Más de un 70% de la población española mayor de 14 años se engancha a la red a diario

El mundo se ha abrazado en masa a una nueva forma de comunicarse, que desata una violencia sin precedentes. No cualitativa, pero sí cuantitativa. El que nace agresor es agresor, pero ahora puede serlo ad infinitum. La plataforma Abogacía Española alertaba recientemente de la incidencia de la violencia de género en Internet. «La realidad judicial evidencia el aumento de las denuncias interpuestas por mujeres, en las que junto a los actos de violencia física y psíquica, se advierten conductas tendentes a controlar sus relaciones personales a través de las tecnologías de la información, que utilizan para llevar adelante actos de violencia de género tanto en línea como fuera de línea. Y para amenazar, hostigar, acosar a las mujeres que usan tecnologías, robando sus datos privados, creándoles falsas identidades, hackeando sus claves, cuentas o sitios web, vigilando sus actividades en línea, etcétera».

El ejemplo de Carlos es significativo: «Encontré en mi muro de Facebook respuestas mucho más directas y dolientes de lo que nunca hubiera esperado de amigos que, en las cortas distancias, siempre son amables y dialogantes», cuenta de su «temeridad», como él describe, de opinar sobre el tema catalán en la red.

El psicólogo estadounidense John Suler ya vaticinaba este escenario hace una década. Cuando los ‘chats’ distaban mucho de la sofisticación actual (¿alguien se acuerda de Messenger?) advertía en un artículo de que, conectadas a la red, «hay personas que se autodivulgan o actúan con más frecuencia o intensidad de lo que lo harían en un encuentro real». Y exploraba algunos factores que interactúan entre sí: el anonimato y por tanto la invisibilidad, la asincronía entre su comportamiento diario y el virtual, la irrupción del solipsismo, la imaginación disociativa y la minimización de la autoridad. Suler afirmaba que la personalidad de cada uno influye en la extensión de esta desinhibición a la hora de verter su opiniones en la red, pero que en lugar de argüirla como argumento válido, por visceral, muchos la utilizan «como un cambio a otra constelación irreal, la del ‘me gustaría ser’ predominante sobre el ‘así soy en mi día a día’». Lo que conocemos como vía de escape, pero que debería llamarse más bien: «vía para desplegar mi peor persona de una forma justificada y con cierta impunidad», como se resume en el análisis de Suler.
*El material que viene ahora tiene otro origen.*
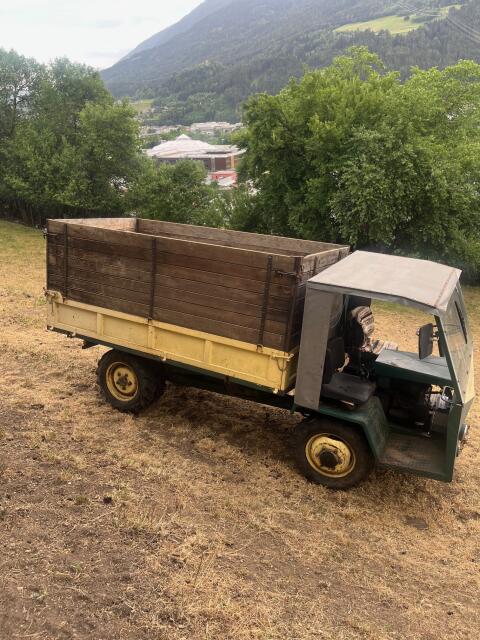 Schlepper Trojer TT18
El psicólogo concluía: «Las personas dicen y hacen cosas en el ciberespacio que no dirían ni harían en el mundo cara a cara. Se aflojan, se sienten menos contenidos y se exprimen más abiertamente». Y remataba: «Tan omnipresente es el fenómeno, que ha surgido un término para definirlo, que se nos podría aplicar a casi todos: el efecto de ‘desinhibición online’».

¿Somos conscientes de ello? No, e incluso frivolizamos sobre el tema. El troll es el epítome del desahogo ominoso y las asechanzas en Internet. Ayer lo definía, certeramente, un artículo del diario El Mundo: «Se esconden detrás de un usuario a menudo anónimo y anidan en foros, espacios virtuales y redes sociales. Publican mensajes provocadores, muchas veces irrelevantes y fuera de tema en un espacio de conversación con la intención de molestar».